“Veronica Farrell, are you listening? Because this is about you.”
Everybody in the club looked around for this “Veronica Farrell,” including me. I knew she had to be here somewhere. Against all indication of her personality, over the past six months she had proven herself to be a serious nester. She’d show up at the club every evening like clockwork and eat dinner with Nicky, before heading out to whatever event she had to represent Farrell Cosmetics at. Then she’d come right back to the club and go home with Nicky.
I don’t think either of them felt comfortable with Nicky spending the night at James’s house yet. In my higher self-esteem moments, I liked to believe it was because they could still feel the residual energy from James’s and my relationship inside the house. Our short time together had been that powerful. But it was probably just because Tammy was living there, too.

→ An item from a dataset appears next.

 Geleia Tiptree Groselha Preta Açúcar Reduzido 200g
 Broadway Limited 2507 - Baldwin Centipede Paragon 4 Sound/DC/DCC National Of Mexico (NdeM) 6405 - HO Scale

Anyway, I spotted Veronica at a table toward the middle of the room. I couldn’t really see her face, but then Nicky pointed at her and said, “Can we get some light on that woman right there?”
A spotlight turned on her, and I could see from her expression that she was just as confused as the rest of us. “What’s this about?” she asked with that hard maple syrup tone of hers. Her voice was muffled, since unlike Nicky, she didn’t have a mic.
“What do you think it’s about?” Nicky asked like she should already know. “I’m asking you to marry me.”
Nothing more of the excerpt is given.